This article was originally published on Thursday, 18 July 2019 at 17:32 SGT; it has since been updated.
Keppel Corp. reported Thursday its second quarter net profit dropped 39 percent on-year to S$153 million on the absence of year-ago contributions from en bloc property sales.
CGS-CIMB had forecast S$125 million in profit for the quarter.
The decline was partly offset by stronger performances from Keppel Offshore & Marine, Keppel Infrastructure and Keppel Capital, the company said in a filing to SGX after the market close.
Revenue for the quarter ended 30 June rose 17 percent on-year to S$1.78 billion on higher contributions from Keppel Infrastructure, Keppel Land, Keppel Capital and M1.
Offshore & Marine
The offshore and marine division reported revenue for the second quarter dropped 21 percent on-year to S$481 million, Keppel said.

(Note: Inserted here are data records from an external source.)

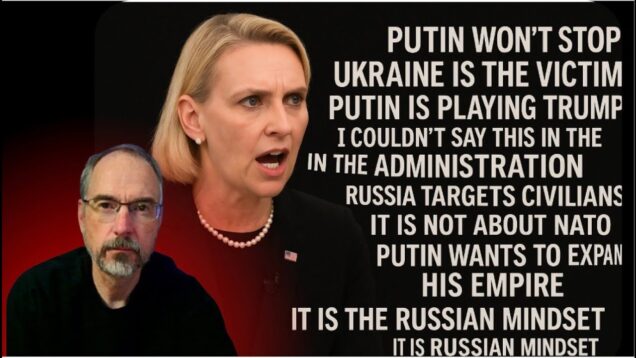 Ambassador Brink Goes Rogue: The Forbidden Truth About Ukraine’s War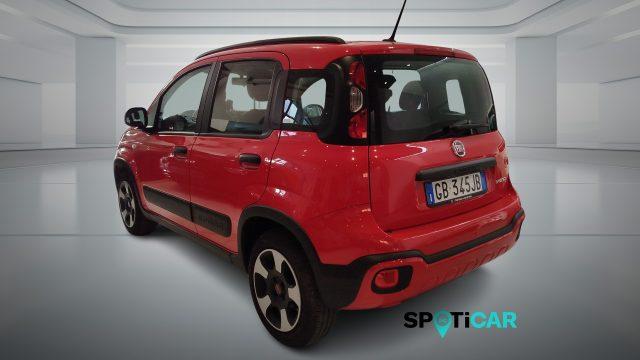 FIAT Panda 1.0 FireFly S&S Hybrid City Cross
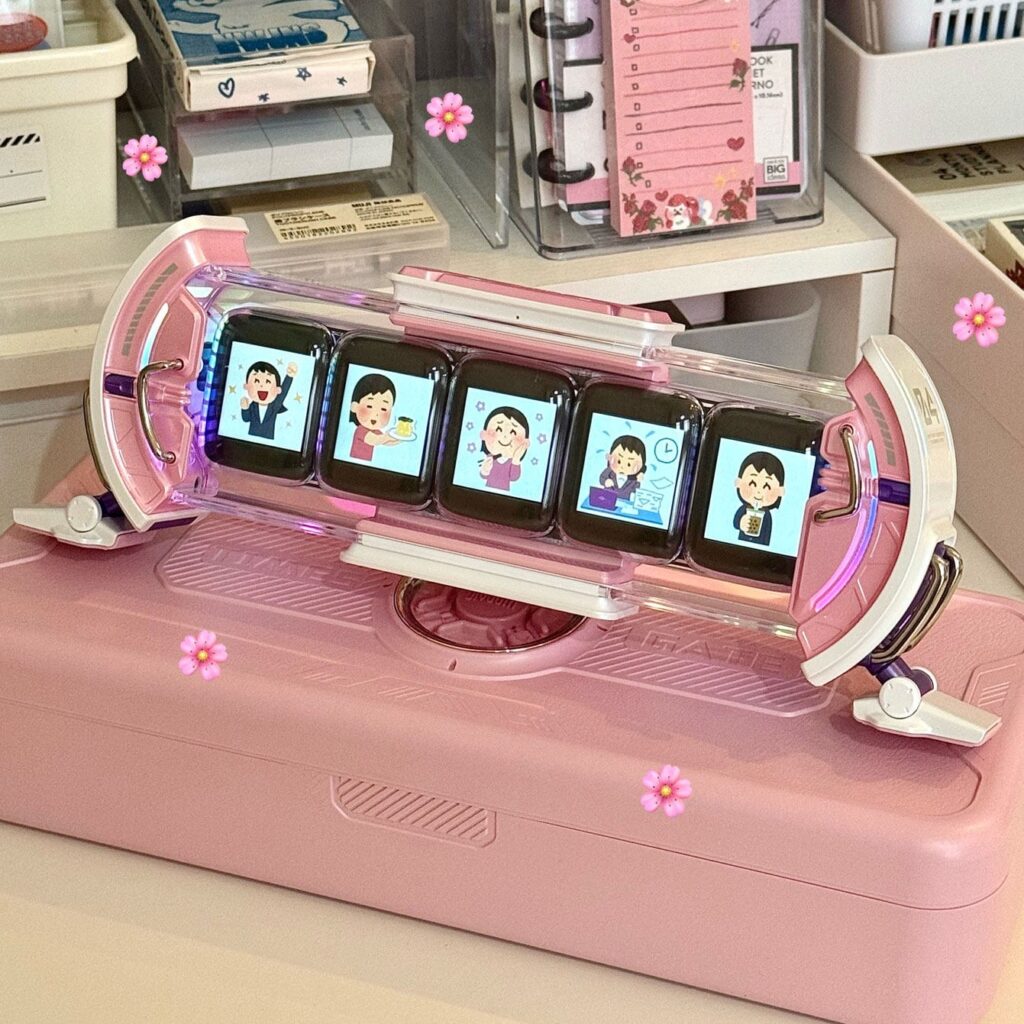 Neon Multi-Screen DIY Display Kit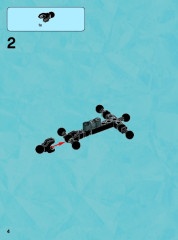 LEGO 70208 instructions page 4 – build guide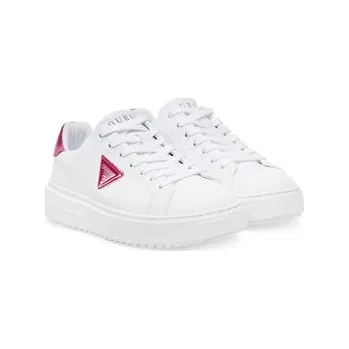 Dámské tenisky Sneakersy Guess FLJD12 LEA12 Bílá 37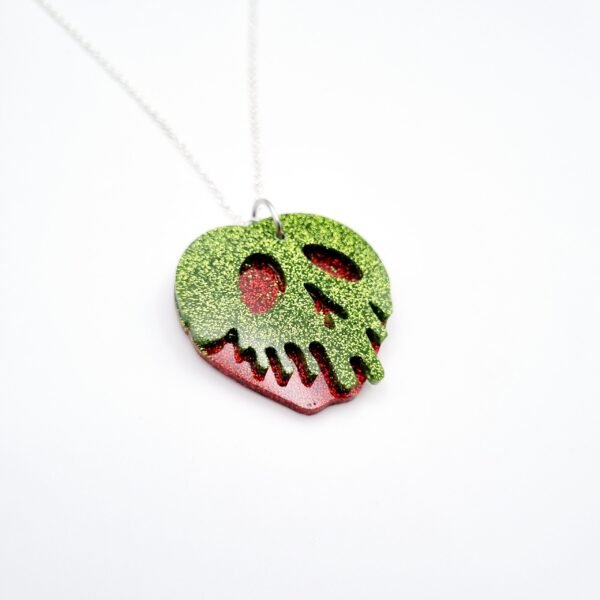 Sparkly Poison Apple - Image 2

“In the second quarter of 2018, the Offshore & Marine Division recognized revenue from the sale of jackup rigs to Borr Drilling Limited, while there was no equivalent sale this year,” the filing said.
The segment’s net profit for the second quarter was S$4 million, swinging from a year-ago net loss of S$17 million, Keppel said.
CGS-CIMB had estimated net profit for the offshore and marine division would come in at S$12 million on sales of S$419 million.
Keppel said the division’s net orderbook of S$5.5 billion was its highest since 2016.
In prepared remarks, CEO Loh Chin Hua was cautiously upbeat.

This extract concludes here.